From here to there! (Part 6) Epilogue

By Jing Villamil


AS soon as she stepped out of the car, and as soon as she looked around for Chuck, she felt something was terribly amiss. It was like waking up from a deep sleep and walking through an abandoned house that exact moment it ceased to be home.

The talent management staff and fellow performers avoided looking into her eyes. Those “in the know” would attempt to hug her or pat her back, or clasp her hands – physical touches she cringed from in normal times.

Only from Chuck she would like (would love!) a touch even so slight, a kiss ever so light, a tickle of whisper to her ears! But Chuck, the entirety of him, is missing! He is not idly lounging around her pretending to be busy, nor is he walking in front beside behind her keeping time with her steps.

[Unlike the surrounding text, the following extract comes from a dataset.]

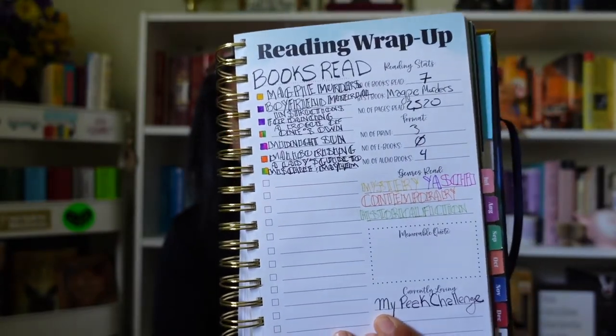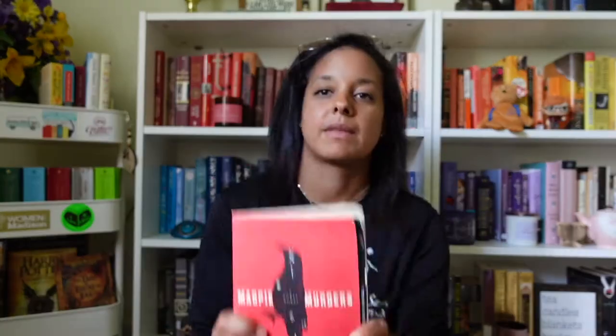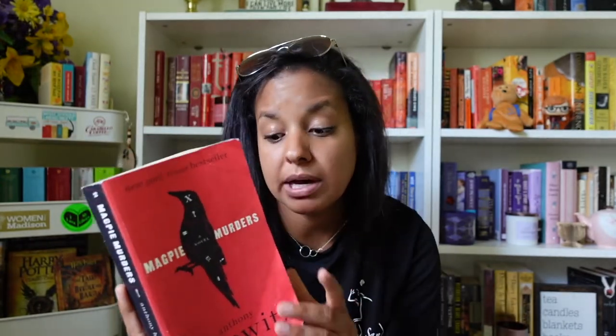Those are my stats. Let's get to the books. The first book I read this month was Magpie Murders by Anthony Horowitz. This is my way to delve into mystery, since I really haven't intentionally read the genre before. For one of my book clubs back in the day we read And Then There Were None, and I think Murder on the Orient Express was another one I listened to. That's pretty much the extent of my mystery knowledge.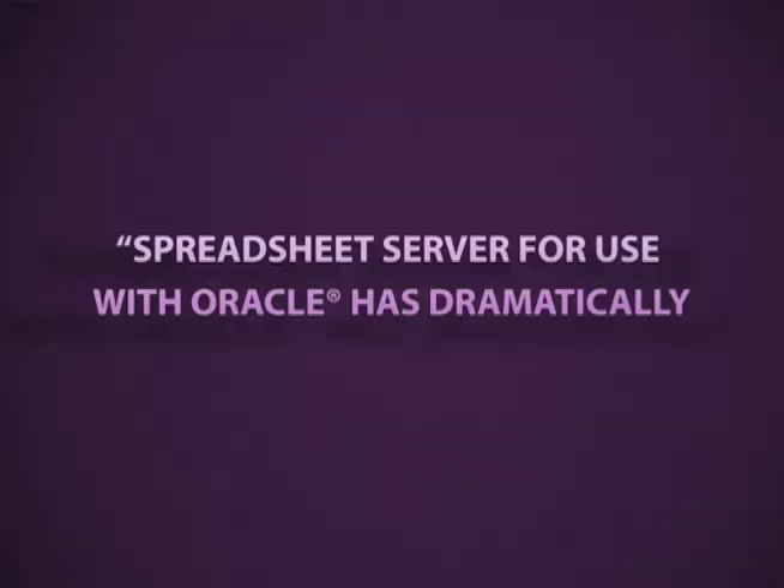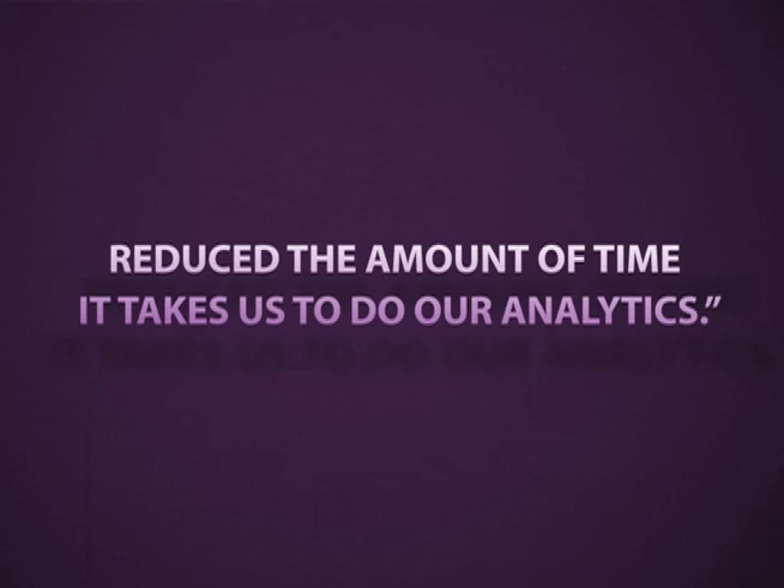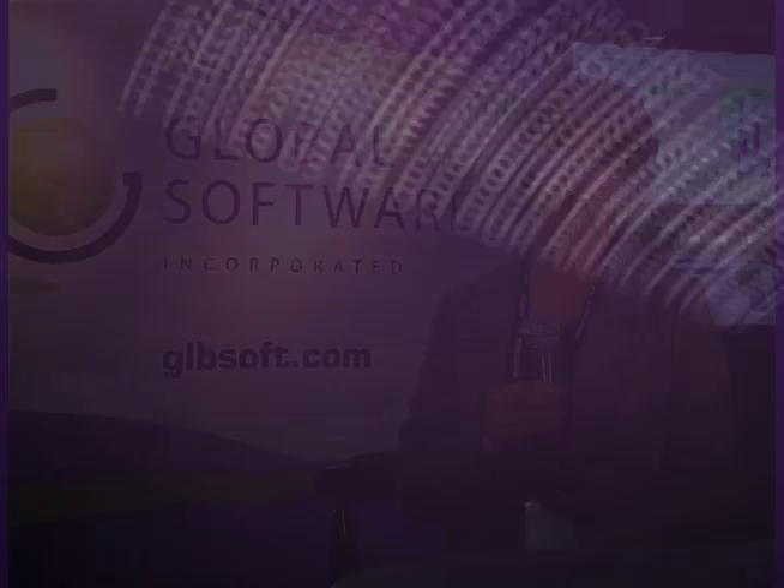Spreadsheet Server for use with Oracle has dramatically reduced the amount of time it takes us to do our analytics. In addition to that, it's dramatically increased our ability to extract data from Oracle in a time-sensitive manner and create live, current reports that can be updated periodically and formatted in a manner that's presentable to the users.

Come to think of it, all of him and all about him, are so “lover-ly” cute from the first time they met and even more so when they found each other again. And lately, he did these lover-ly cute things for her even when he was still so sleepy from his previous night’s gig! Do not fret, Chuck, I saw you every time!

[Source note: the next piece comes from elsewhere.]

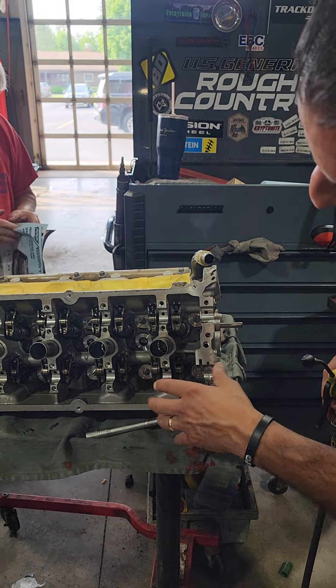It looks like possibly this component is pressed in too far — I'm not fully familiar with them but we're going to find out. Maybe it's in too far, or the wrong one was put in the head. I'm confused how the truck made it this long in its life without lubrication to that cam, but we're going to find out more very soon.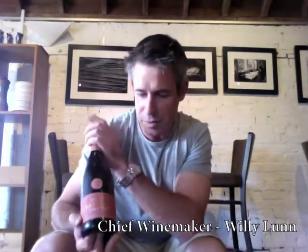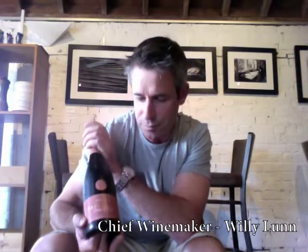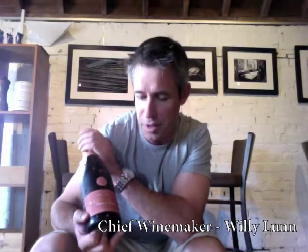Creme de Cuvée — this is the one that we made for granny. This is 2008 Pinot and Chardonnay, and we make it quite sweet, so it's that sort of almost dessert style. It's great after dinner with figs and cheese, or alternatively it's great just as a sweeter style drink.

With much prodding (slap the table, slap the wall), and so much fierce and loud stomping of her feet . . . she was told of Chuck’s lonely, dreadful last “flight”.

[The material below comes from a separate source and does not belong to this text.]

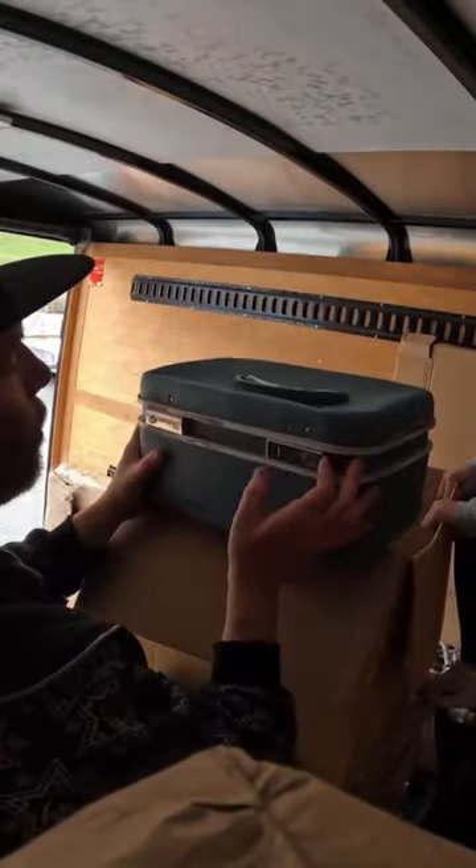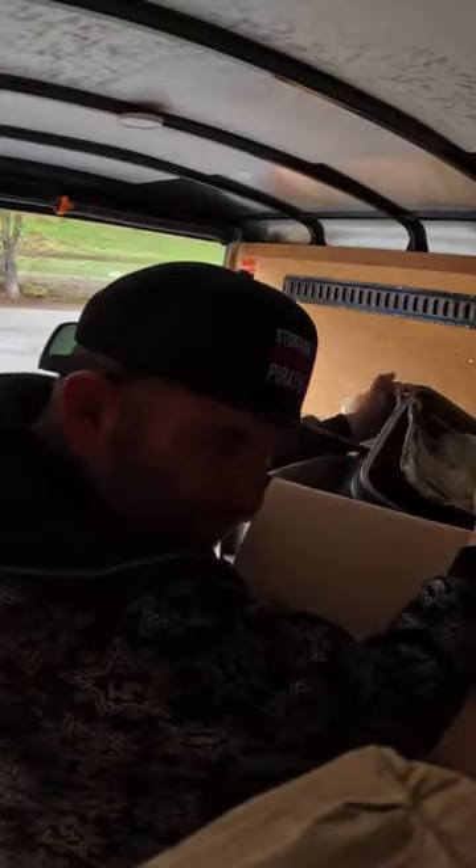This is the moment of truth. What's inside? What was it?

After which, she screamed her longest loudest ever, then she clamped shut her mouth. The scream, though, went on and on. But only in her mind, only in her mind. And in her heart, twice-broken, million-times cracked.

She shut her eyes and her light switched off. She covered her ears and the song in her mind clicked off, too. It was so much soundless wailing into an emptied space bereft of him and without his voice speaking to her through the haze of her wretched pain: “Listen, my Manta, listen! Breathe! Breathe in our music . . .” Until, finally, everything was a most kind motionless enveloping silence.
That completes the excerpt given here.